From the beginning of specialized publishing for children, the idea was to create books for kids different from adult books. Books that suited their interests, captured their imagination, told them what they wanted to know and made them want to know more. Books in new subject areas, and old.
New sorts of books, too, that capitalized on the attraction of pictures.
One was the pictorial panorama, replete with documentary detail, exemplified by the work of Holling C. Holling, in the 1940s and 1950s; of Edwin Tunis, in the 1950s and 1960s; of David Macaulay, in the 1970s and 1980s and beyond. Predicated on children’s fascination with the concrete and specific—how a beaver skin becomes a beaver hat, how the dome of a mosque is constructed—the books of Tunis and Macaulay, in particular, provided natural entrée into the life of an entire society. They were hands-on books, besides, original and authoritative, and as such also embraced by adults.
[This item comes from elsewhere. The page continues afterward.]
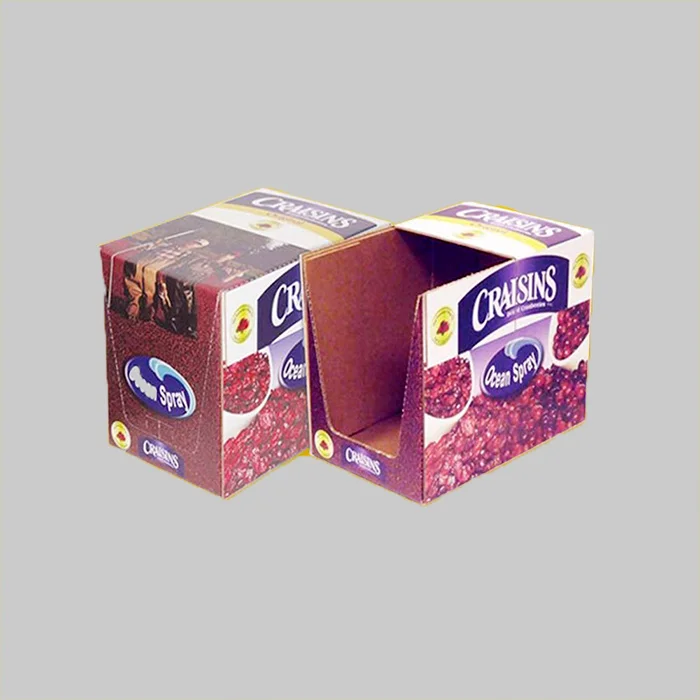Perforated Boxes 4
Photographs, in turn, gave a human face to strangers among us, and their customs...
One God: The Ways We Worship Him, telling-and-showing how “we”—American families—worship as Jews, Catholics, and Protestants, was published in 1944, a time to fight bigotry. The author, Florence Mary Fitch, was a distinguished scholar of Old and New Testament literature who wore her learning lightly. Absorbing full-page photographs, selected by Lothrop editor Beatrice Creighton, matched the text at every opening, giving the book a documentary feel. Fitch followed through with two similar books even more singular in their time,
Their Search for God: Ways of Worship in the Orient (1947) and
Allah, the God of Islam (1950).
Expanding into comparative religion, Fitch was doing what came naturally to a global resident and acquaintance of Gandhi. But developments in the world at large were catching up—and beginning in the 1950s, accelerating in the 1960s, children’s books, for the first time, kept pace with national issues and world events.
Three exploding areas held the interest of kids: the Space Age; the endangered environment; the civil rights movement and its counterparts.
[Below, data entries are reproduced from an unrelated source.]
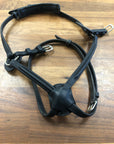 Fine Used Vespucci Figure 8 Noseband, WB - Horse & Hound Tack Shop 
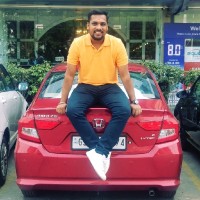 Aniket Patel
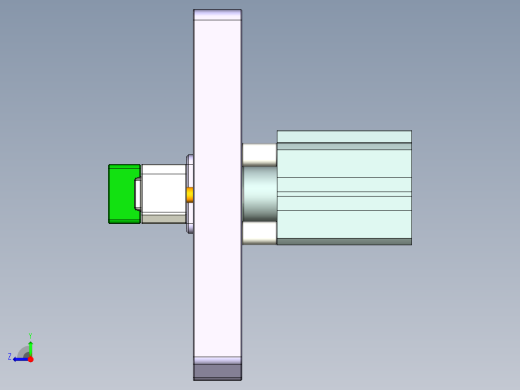 Starlord-13-CNC1-0103右视缩略图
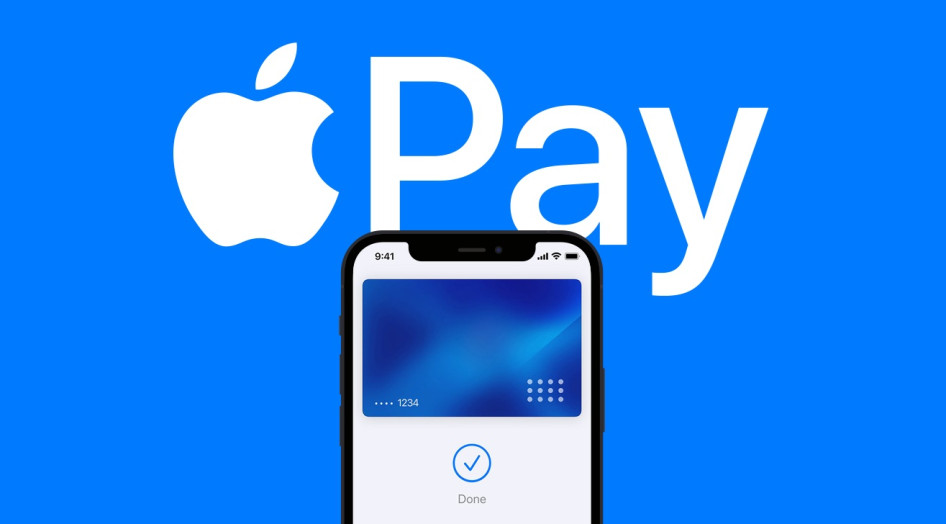 Az Apple Pay már nem számít különlegességnek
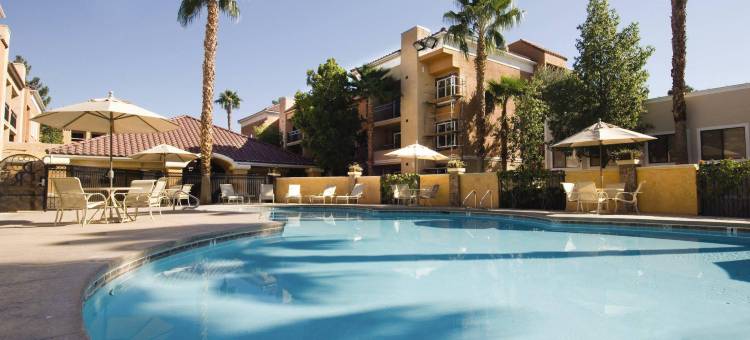 沙漠玫瑰度假酒店(Desert Rose Resort)图片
In 1957, the launching of the Russian satellite,
Sputnik, to the astonishment of the world and the chagrin of the United States, shook up American science education and spurred the publication of science books at all levels—supported, crucially, by federal funds for library purchase. This was Franklyn Branley’s moment. Director of education at the Hayden Planetarium (and subsequently the planetarium chairman), the indefatigable Branley wrote books that kept up with space science, year after year, as well as conceiving and co-editing Crowell’s monstrously successful Let’s-Read-and-Find-Out series of basic science picture books, many of which he also wrote. [See “
What Makes a Good Space Book?” beginning on page 28.] His last such, published posthumously in 2002, was
Mission to Mars: how would they do it? After fifty years, Branley was still keeping kids ahead of the curve.
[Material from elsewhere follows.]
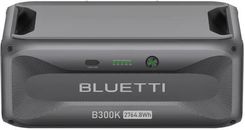 Zdjęcie BLUETTI B300K 2764Wh Moduł rozszerzający - Siechnice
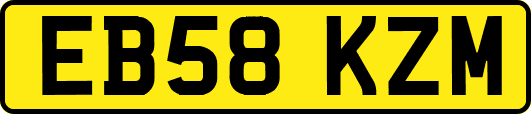 EB58KZM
Silent Spring, Rachel Carson’s 1962 exposé of the deadly effects of pesticides, especially on birds, was only one factor in the transformation of conservation, as a special interest, into environmentalism, as a mass movement. But it raised awareness. Late in 1969, which began with the massive Santa Barbara oil spill, Congress passed the landmark Environmental Policy Act, making endangered species and fragile ecosystems a national concern. Suddenly, the keyword was ecology. From 1955 to 1960, there were a bare handful of children’s books of this sort published; from 1965 to 1970, there were more than a hundred. They ranged from in-depth studies originating at the American Museum of Natural History; to close-ups of specific ecosystems by Jean Craighead George and others; to picture-book stories by old hands like Alvin Tresselt and Edith and Clement Hurd. Kids became steeped in the subject and tutored their parents.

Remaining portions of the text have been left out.